Records contained in a dataset:
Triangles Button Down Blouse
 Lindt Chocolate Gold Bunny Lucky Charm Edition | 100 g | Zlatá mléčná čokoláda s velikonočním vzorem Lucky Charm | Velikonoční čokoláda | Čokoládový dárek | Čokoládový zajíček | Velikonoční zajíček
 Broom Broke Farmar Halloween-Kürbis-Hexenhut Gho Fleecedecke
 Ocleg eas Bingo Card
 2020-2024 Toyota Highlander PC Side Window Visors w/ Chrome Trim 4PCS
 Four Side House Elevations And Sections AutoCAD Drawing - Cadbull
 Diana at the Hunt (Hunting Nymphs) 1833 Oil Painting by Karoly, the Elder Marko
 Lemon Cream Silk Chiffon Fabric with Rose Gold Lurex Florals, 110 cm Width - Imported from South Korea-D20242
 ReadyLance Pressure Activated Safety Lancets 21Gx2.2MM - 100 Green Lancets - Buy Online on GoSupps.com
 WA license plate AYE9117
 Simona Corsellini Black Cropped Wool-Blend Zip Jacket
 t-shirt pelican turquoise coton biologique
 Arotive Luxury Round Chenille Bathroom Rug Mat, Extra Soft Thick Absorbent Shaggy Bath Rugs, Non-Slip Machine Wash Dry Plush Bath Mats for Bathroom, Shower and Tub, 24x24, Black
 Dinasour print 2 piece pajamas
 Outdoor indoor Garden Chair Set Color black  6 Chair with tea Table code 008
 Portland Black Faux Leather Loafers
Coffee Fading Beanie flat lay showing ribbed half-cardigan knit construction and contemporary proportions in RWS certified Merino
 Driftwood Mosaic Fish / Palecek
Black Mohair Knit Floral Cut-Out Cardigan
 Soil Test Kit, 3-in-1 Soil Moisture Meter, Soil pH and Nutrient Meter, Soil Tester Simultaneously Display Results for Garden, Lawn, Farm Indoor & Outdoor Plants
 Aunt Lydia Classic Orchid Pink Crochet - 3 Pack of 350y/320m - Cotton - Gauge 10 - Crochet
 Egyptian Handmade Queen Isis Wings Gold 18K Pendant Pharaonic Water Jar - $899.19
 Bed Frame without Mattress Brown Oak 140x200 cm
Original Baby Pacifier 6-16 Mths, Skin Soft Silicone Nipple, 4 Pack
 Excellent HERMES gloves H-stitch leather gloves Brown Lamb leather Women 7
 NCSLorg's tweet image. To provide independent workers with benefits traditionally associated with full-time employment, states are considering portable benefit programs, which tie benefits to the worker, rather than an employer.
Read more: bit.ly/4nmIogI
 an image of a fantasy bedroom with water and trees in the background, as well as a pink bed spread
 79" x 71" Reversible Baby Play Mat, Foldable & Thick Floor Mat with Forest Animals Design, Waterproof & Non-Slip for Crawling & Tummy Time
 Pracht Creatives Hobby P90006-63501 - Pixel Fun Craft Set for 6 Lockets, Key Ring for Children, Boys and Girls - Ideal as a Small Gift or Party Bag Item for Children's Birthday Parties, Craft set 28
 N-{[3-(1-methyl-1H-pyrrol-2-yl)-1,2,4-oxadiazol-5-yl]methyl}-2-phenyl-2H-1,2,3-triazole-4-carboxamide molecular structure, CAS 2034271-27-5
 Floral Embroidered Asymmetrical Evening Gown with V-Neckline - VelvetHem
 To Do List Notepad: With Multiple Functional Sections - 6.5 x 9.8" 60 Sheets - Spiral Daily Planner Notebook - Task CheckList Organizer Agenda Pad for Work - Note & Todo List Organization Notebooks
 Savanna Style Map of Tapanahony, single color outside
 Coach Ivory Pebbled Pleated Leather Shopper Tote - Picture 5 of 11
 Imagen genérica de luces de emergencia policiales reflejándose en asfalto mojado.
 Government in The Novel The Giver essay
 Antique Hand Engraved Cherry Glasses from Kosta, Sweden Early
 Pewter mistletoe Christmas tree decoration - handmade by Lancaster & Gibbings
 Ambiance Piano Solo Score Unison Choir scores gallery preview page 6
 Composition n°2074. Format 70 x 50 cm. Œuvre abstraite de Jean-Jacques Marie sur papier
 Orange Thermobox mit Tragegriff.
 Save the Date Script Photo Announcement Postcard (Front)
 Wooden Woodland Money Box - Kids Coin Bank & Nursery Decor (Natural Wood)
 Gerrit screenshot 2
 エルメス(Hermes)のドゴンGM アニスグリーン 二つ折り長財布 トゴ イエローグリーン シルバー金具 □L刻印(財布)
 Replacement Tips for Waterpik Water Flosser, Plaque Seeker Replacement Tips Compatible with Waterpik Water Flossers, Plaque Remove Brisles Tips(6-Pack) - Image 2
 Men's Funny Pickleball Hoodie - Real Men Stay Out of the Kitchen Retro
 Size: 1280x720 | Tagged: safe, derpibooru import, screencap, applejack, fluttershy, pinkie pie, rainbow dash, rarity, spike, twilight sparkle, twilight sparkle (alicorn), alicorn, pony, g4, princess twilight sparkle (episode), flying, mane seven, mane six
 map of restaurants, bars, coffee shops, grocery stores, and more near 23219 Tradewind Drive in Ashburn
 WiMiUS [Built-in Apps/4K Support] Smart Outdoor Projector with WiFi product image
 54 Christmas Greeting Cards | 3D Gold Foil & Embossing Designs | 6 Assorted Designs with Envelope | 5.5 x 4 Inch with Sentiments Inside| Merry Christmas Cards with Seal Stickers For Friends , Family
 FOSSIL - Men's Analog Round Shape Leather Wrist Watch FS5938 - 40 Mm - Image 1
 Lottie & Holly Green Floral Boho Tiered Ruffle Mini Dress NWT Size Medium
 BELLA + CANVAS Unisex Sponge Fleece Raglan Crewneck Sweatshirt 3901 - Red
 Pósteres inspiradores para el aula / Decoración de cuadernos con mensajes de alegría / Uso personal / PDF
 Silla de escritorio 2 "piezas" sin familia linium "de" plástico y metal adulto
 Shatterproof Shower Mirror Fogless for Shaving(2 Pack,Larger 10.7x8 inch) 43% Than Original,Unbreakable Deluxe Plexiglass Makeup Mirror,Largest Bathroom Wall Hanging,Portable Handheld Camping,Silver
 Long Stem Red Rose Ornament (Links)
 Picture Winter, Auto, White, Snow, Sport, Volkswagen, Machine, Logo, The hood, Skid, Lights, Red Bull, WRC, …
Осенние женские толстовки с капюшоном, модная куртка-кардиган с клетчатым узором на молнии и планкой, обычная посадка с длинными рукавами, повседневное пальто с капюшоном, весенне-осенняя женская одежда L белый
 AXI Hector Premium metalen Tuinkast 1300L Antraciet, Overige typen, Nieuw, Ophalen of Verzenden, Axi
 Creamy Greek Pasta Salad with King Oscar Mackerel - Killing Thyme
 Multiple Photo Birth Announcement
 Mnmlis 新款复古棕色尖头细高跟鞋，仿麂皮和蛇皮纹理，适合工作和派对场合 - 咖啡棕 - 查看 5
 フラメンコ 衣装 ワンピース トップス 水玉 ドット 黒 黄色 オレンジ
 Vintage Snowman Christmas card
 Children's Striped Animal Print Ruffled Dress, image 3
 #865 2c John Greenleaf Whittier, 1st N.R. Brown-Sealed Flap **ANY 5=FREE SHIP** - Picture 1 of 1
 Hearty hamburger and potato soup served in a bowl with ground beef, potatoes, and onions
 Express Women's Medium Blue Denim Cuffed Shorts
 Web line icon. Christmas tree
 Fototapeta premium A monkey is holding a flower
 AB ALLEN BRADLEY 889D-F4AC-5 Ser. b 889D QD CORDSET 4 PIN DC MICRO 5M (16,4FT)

### Task instructions
Set down each record again, exactly as written.

### Solved problem
Triangles Button Down Blouse
 Lindt Chocolate Gold Bunny Lucky Charm Edition | 100 g | Zlatá mléčná čokoláda s velikonočním vzorem Lucky Charm | Velikonoční čokoláda | Čokoládový dárek | Čokoládový zajíček | Velikonoční zajíček
 Broom Broke Farmar Halloween-Kürbis-Hexenhut Gho Fleecedecke
 Ocleg eas Bingo Card
 2020-2024 Toyota Highlander PC Side Window Visors w/ Chrome Trim 4PCS
 Four Side House Elevations And Sections AutoCAD Drawing - Cadbull
 Diana at the Hunt (Hunting Nymphs) 1833 Oil Painting by Karoly, the Elder Marko
 Lemon Cream Silk Chiffon Fabric with Rose Gold Lurex Florals, 110 cm Width - Imported from South Korea-D20242
 ReadyLance Pressure Activated Safety Lancets 21Gx2.2MM - 100 Green Lancets - Buy Online on GoSupps.com
 WA license plate AYE9117
 Simona Corsellini Black Cropped Wool-Blend Zip Jacket
 t-shirt pelican turquoise coton biologique
 Arotive Luxury Round Chenille Bathroom Rug Mat, Extra Soft Thick Absorbent Shaggy Bath Rugs, Non-Slip Machine Wash Dry Plush Bath Mats for Bathroom, Shower and Tub, 24x24, Black
 Dinasour print 2 piece pajamas
 Outdoor indoor Garden Chair Set Color black  6 Chair with tea Table code 008
 Portland Black Faux Leather Loafers
Coffee Fading Beanie flat lay showing ribbed half-cardigan knit construction and contemporary proportions in RWS certified Merino
 Driftwood Mosaic Fish / Palecek
Black Mohair Knit Floral Cut-Out Cardigan
 Soil Test Kit, 3-in-1 Soil Moisture Meter, Soil pH and Nutrient Meter, Soil Tester Simultaneously Display Results for Garden, Lawn, Farm Indoor & Outdoor Plants
 Aunt Lydia Classic Orchid Pink Crochet - 3 Pack of 350y/320m - Cotton - Gauge 10 - Crochet
 Egyptian Handmade Queen Isis Wings Gold 18K Pendant Pharaonic Water Jar - $899.19
 Bed Frame without Mattress Brown Oak 140x200 cm
Original Baby Pacifier 6-16 Mths, Skin Soft Silicone Nipple, 4 Pack
 Excellent HERMES gloves H-stitch leather gloves Brown Lamb leather Women 7
 NCSLorg's tweet image. To provide independent workers with benefits traditionally associated with full-time employment, states are considering portable benefit programs, which tie benefits to the worker, rather than an employer.
Read more: bit.ly/4nmIogI
 an image of a fantasy bedroom with water and trees in the background, as well as a pink bed spread
 79" x 71" Reversible Baby Play Mat, Foldable & Thick Floor Mat with Forest Animals Design, Waterproof & Non-Slip for Crawling & Tummy Time
 Pracht Creatives Hobby P90006-63501 - Pixel Fun Craft Set for 6 Lockets, Key Ring for Children, Boys and Girls - Ideal as a Small Gift or Party Bag Item for Children's Birthday Parties, Craft set 28
 N-{[3-(1-methyl-1H-pyrrol-2-yl)-1,2,4-oxadiazol-5-yl]methyl}-2-phenyl-2H-1,2,3-triazole-4-carboxamide molecular structure, CAS 2034271-27-5
 Floral Embroidered Asymmetrical Evening Gown with V-Neckline - VelvetHem
 To Do List Notepad: With Multiple Functional Sections - 6.5 x 9.8" 60 Sheets - Spiral Daily Planner Notebook - Task CheckList Organizer Agenda Pad for Work - Note & Todo List Organization Notebooks
 Savanna Style Map of Tapanahony, single color outside
 Coach Ivory Pebbled Pleated Leather Shopper Tote - Picture 5 of 11
 Imagen genérica de luces de emergencia policiales reflejándose en asfalto mojado.
 Government in The Novel The Giver essay
 Antique Hand Engraved Cherry Glasses from Kosta, Sweden Early
 Pewter mistletoe Christmas tree decoration - handmade by Lancaster & Gibbings
 Ambiance Piano Solo Score Unison Choir scores gallery preview page 6
 Composition n°2074. Format 70 x 50 cm. Œuvre abstraite de Jean-Jacques Marie sur papier
 Orange Thermobox mit Tragegriff.
 Save the Date Script Photo Announcement Postcard (Front)
 Wooden Woodland Money Box - Kids Coin Bank & Nursery Decor (Natural Wood)
 Gerrit screenshot 2
 エルメス(Hermes)のドゴンGM アニスグリーン 二つ折り長財布 トゴ イエローグリーン シルバー金具 □L刻印(財布)
 Replacement Tips for Waterpik Water Flosser, Plaque Seeker Replacement Tips Compatible with Waterpik Water Flossers, Plaque Remove Brisles Tips(6-Pack) - Image 2
 Men's Funny Pickleball Hoodie - Real Men Stay Out of the Kitchen Retro
 Size: 1280x720 | Tagged: safe, derpibooru import, screencap, applejack, fluttershy, pinkie pie, rainbow dash, rarity, spike, twilight sparkle, twilight sparkle (alicorn), alicorn, pony, g4, princess twilight sparkle (episode), flying, mane seven, mane six
 map of restaurants, bars, coffee shops, grocery stores, and more near 23219 Tradewind Drive in Ashburn
 WiMiUS [Built-in Apps/4K Support] Smart Outdoor Projector with WiFi product image
 54 Christmas Greeting Cards | 3D Gold Foil & Embossing Designs | 6 Assorted Designs with Envelope | 5.5 x 4 Inch with Sentiments Inside| Merry Christmas Cards with Seal Stickers For Friends , Family
 FOSSIL - Men's Analog Round Shape Leather Wrist Watch FS5938 - 40 Mm - Image 1
 Lottie & Holly Green Floral Boho Tiered Ruffle Mini Dress NWT Size Medium
 BELLA + CANVAS Unisex Sponge Fleece Raglan Crewneck Sweatshirt 3901 - Red
 Pósteres inspiradores para el aula / Decoración de cuadernos con mensajes de alegría / Uso personal / PDF
 Silla de escritorio 2 "piezas" sin familia linium "de" plástico y metal adulto
 Shatterproof Shower Mirror Fogless for Shaving(2 Pack,Larger 10.7x8 inch) 43% Than Original,Unbreakable Deluxe Plexiglass Makeup Mirror,Largest Bathroom Wall Hanging,Portable Handheld Camping,Silver
 Long Stem Red Rose Ornament (Links)
 Picture Winter, Auto, White, Snow, Sport, Volkswagen, Machine, Logo, The hood, Skid, Lights, Red Bull, WRC, …
Осенние женские толстовки с капюшоном, модная куртка-кардиган с клетчатым узором на молнии и планкой, обычная посадка с длинными рукавами, повседневное пальто с капюшоном, весенне-осенняя женская одежда L белый
 AXI Hector Premium metalen Tuinkast 1300L Antraciet, Overige typen, Nieuw, Ophalen of Verzenden, Axi
 Creamy Greek Pasta Salad with King Oscar Mackerel - Killing Thyme
 Multiple Photo Birth Announcement
 Mnmlis 新款复古棕色尖头细高跟鞋，仿麂皮和蛇皮纹理，适合工作和派对场合 - 咖啡棕 - 查看 5
 フラメンコ 衣装 ワンピース トップス 水玉 ドット 黒 黄色 オレンジ
 Vintage Snowman Christmas card
 Children's Striped Animal Print Ruffled Dress, image 3
 #865 2c John Greenleaf Whittier, 1st N.R. Brown-Sealed Flap **ANY 5=FREE SHIP** - Picture 1 of 1
 Hearty hamburger and potato soup served in a bowl with ground beef, potatoes, and onions
 Express Women's Medium Blue Denim Cuffed Shorts
 Web line icon. Christmas tree
 Fototapeta premium A monkey is holding a flower
 AB ALLEN BRADLEY 889D-F4AC-5 Ser. b 889D QD CORDSET 4 PIN DC MICRO 5M (16,4FT)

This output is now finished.